Now, MAGA is buying Truth Social shares and traders in the market are — as a result — bidding it up to be worth several billion dollars (even though the underlying business looks to be worth something in the millions at best). And, unfortunately, because Trump has 90% of the shares of this company and controls the board of directors he will, once the money comes in, be able to waive away the standard 6 month waiting period post IPO and just cash in.
Trump might be able to borrow money with his stock as collateral as a way to gain access to money more quickly, but he would have to either get an exemption from the post-merger company or just move ahead without one and hope that the board lets it slide, Ohlrogge said, since the terms of the agreement with DWAC don’t allow it. “If there were a bank that did take such a deal [allowing Trump to use his stock as collateral], it would raise serious concerns that the bank is doing it for reasons other than a belief it is a profitable lending opportunity,” he said. “Namely, it would raise concerns that the bank is doing it in order to win influence with someone who might become US president.
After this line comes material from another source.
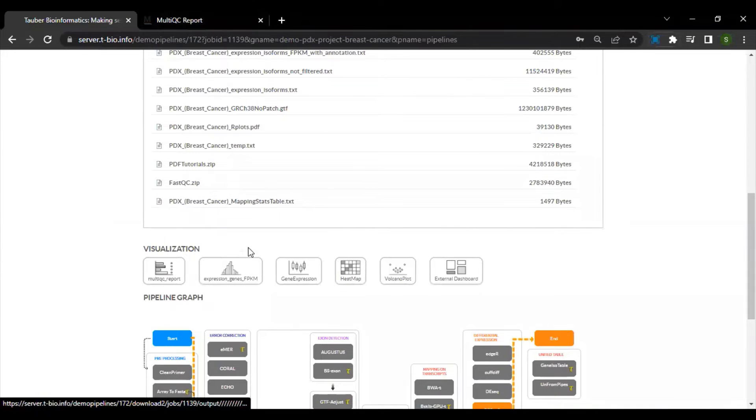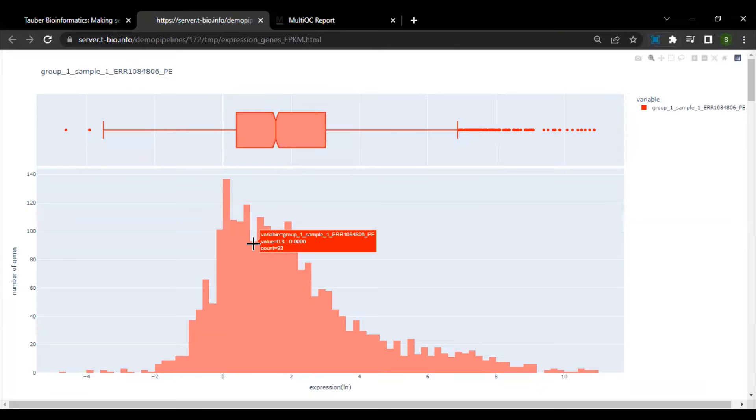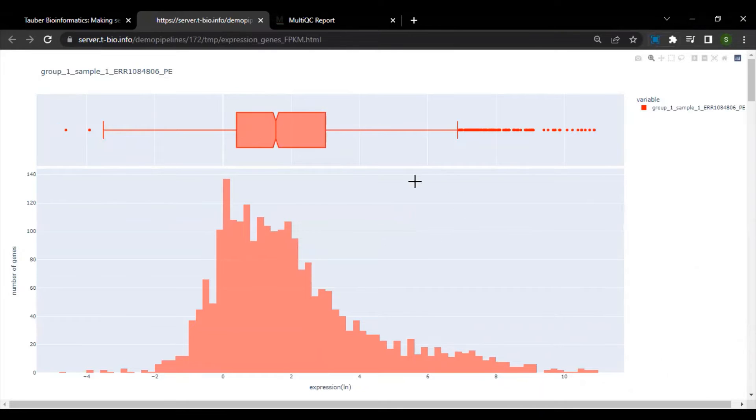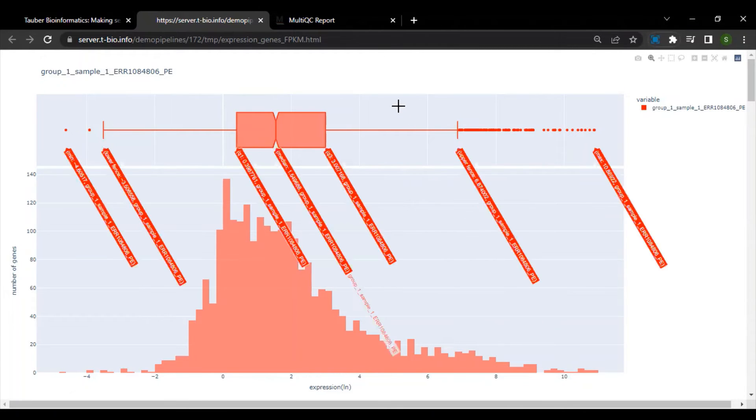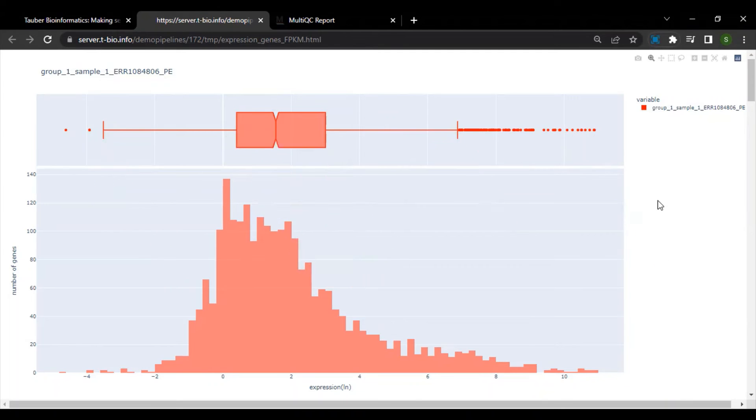Another important visualization option is the gene expression that has been expressed in FPKM values and represented in the form of a histogram. On the top, you can also see the gene expression of the sample represented in the form of a box plot.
If that bank were affiliated directly or indirectly with a foreign government, it would be even more concerning still.”
In the end, if Trump does dump his stock quickly, the value of the shares are very likely to head towards zero (given the non existent value of the business) but he will likely have pocketed hundreds of millions, if not billions before then.
So, Trump will soon be very rich and able to self fund, pay for his legal bills. It sucks but we can — and will — still beat him. And, of course, if history repeats itself, Trump will find a way to lose the money he makes from Truth Social, eventually.